Robert reaccionaba como mi querido hermano gemelo. Sus rizos oscuros se fundían con mi pelo enredado mientras me deshacía en lágrimas. Me prometía que podíamos volver a nuestra antigua vida, a ser como éramos, me prometía lo que fuera si dejaba de llorar.
Una parte de mí quería hacerlo, pero temía que no pudiéramos regresar nunca más a aquel lugar, sino solo ir y venir por nuestro río de lagrimas como los hijos del barquero. Estaba deseando viajar, a París, a Egipto, a Samarcanda, lejos de él, lejos de nosotros.
También él tenía un camino que seguir, y no le quedaría más remedio que dejarme atrás.
Aprendimos que queríamos demasiadas cosas. Solo podíamos dar desde lo que éramos y lo que teníamos. Separados, pudimos ver incluso con más claridad que no queríamos estar sin el otro.
Yo necesitaba alguien con quien hablar. Regresé a Nueva Jersey para el cumpleaños de mi hermana Linda, que cumplía veintiún años. Ambas estábamos en un mal momento y nos consolamos mutuamente. Le llevé un libro de fotografías de Jacques-Henri Lartigue y, mientras pasábamos las páginas, nos entraron ganas de visitar Francia. Nos quedamos despiertas, maquinando, y, antes de darnos las buenas noches, habíamos prometido ir juntas a París, toda una hazaña para dos chicas que no se habían subido nunca a un avión.
Aquel proyecto me sostuvo durante todo el largo invierno. Hice horas extra en Scribner's para ahorrar dinero mientras urdía nuestra ruta, localizaba talleres de artistas y cementerios, trazaba un itinerario para las dos, como había hecho cuando planificaba los movimientos tácticos de nuestro ejército de hermanos.
No creo que aquel fuera un período artísticamente productivo para Robert ni para mí. Él estaba embargado por la intensidad de vivir la naturaleza que había reprimido conmigo y hallado a través de Terry. Pero, pese a estar complacido en ese aspecto, parecía falto de inspiración, si no aburrido, y quizá no podía evitar establecer comparaciones entre su vida con Terry y la nuestra.
«Patti, nadie ve como nosotros», me dijo.
La primavera y el poder restaurador de Semana Santa volvieron a unirnos.

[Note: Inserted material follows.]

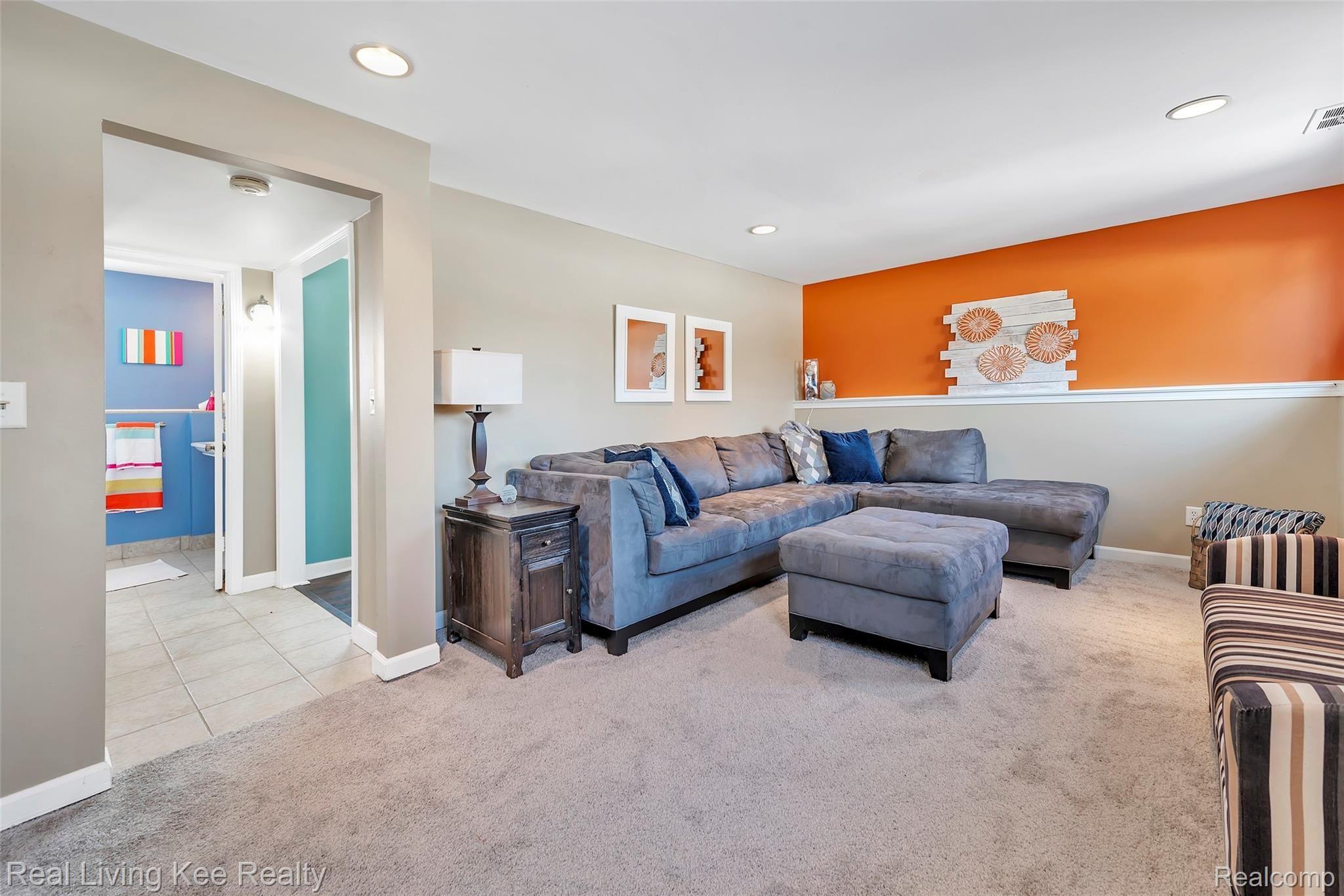 2733 Pheasant Court Rochester, MI 48306 - Photo 16 of 34 2733-Pheasant-Court-Rochester-MI-windowstill-24.jpg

Nos sentábamos en la taberna próxima a Pratt y pedíamos nuestro menú favorito: un sándwich caliente de pan de centeno con queso y tomate, y leche malteada de chocolate. En aquella época, teníamos suficiente dinero para dos sándwiches.
Los dos nos habíamos entregado a otros. Habíamos vacilado y los habíamos perdido, pero nos habíamos reencontrado. Al parecer, queríamos lo que ya teníamos, un amante y un amigo con quien crear, codo con codo. Ser fieles, pero libres.

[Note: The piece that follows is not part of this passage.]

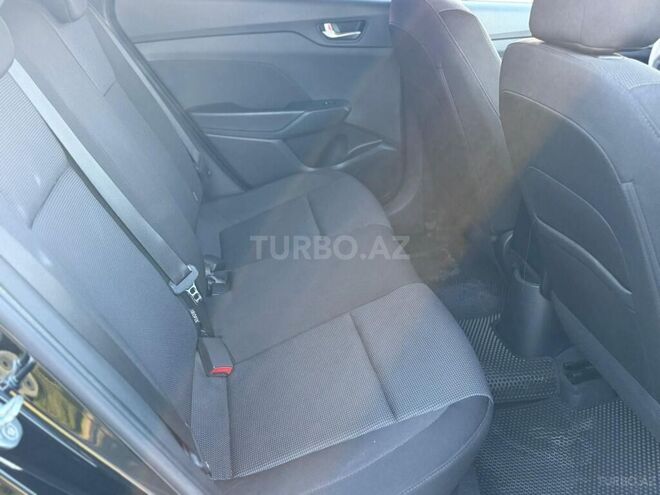 Hyundai Accent-10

Decidí que era buen momento para irme de viaje. Mis horas extra sin vacaciones dieron fruto y la librería me concedió una excedencia. Mi hermana
y yo
metimos lo imprescindible en nuestras bolsas de lona. A regañadientes dejé mis dibujos para viajar ligera de equipaje. Cogí un cuaderno y le regalé mi cámara a mi hermana.
Robert
y yo
prometimos trabajar duro mientras estuviéramos separados. Yo compondría poemas para él y Robert haría dibujos para mí. Prometió escribir y mantenerme al día de sus actividades.
Cuando nos abrazamos para decirnos adiós, él se separó y me miró lijamente. No dijimos nada.
——>>*<<——
Con nuestros escasos ahorros, Linda y yo fuimos a París vía Islandia en un avión de hélice. Fue un viaje arduo y, pese a estar ilusionada, tuve sentimientos encontrados por abandonar a Robert. Todas nuestras cosas estaban apiladas en dos cuartitos de Clinton Street en Brooklyn, vigiladas por un viejo casero que andaba claramente tras ellas.
Robert había dejado Hall Street y estaba viviendo en casa de unos amigos cerca de Myrtle Avenue. A diferencia de mí, no le motivaba viajar. La perspectiva de ganarse la vida como artista era su objetivo primordial, pero entretanto dependía de trabajos ocasionales y del dinero de su beca de estudios.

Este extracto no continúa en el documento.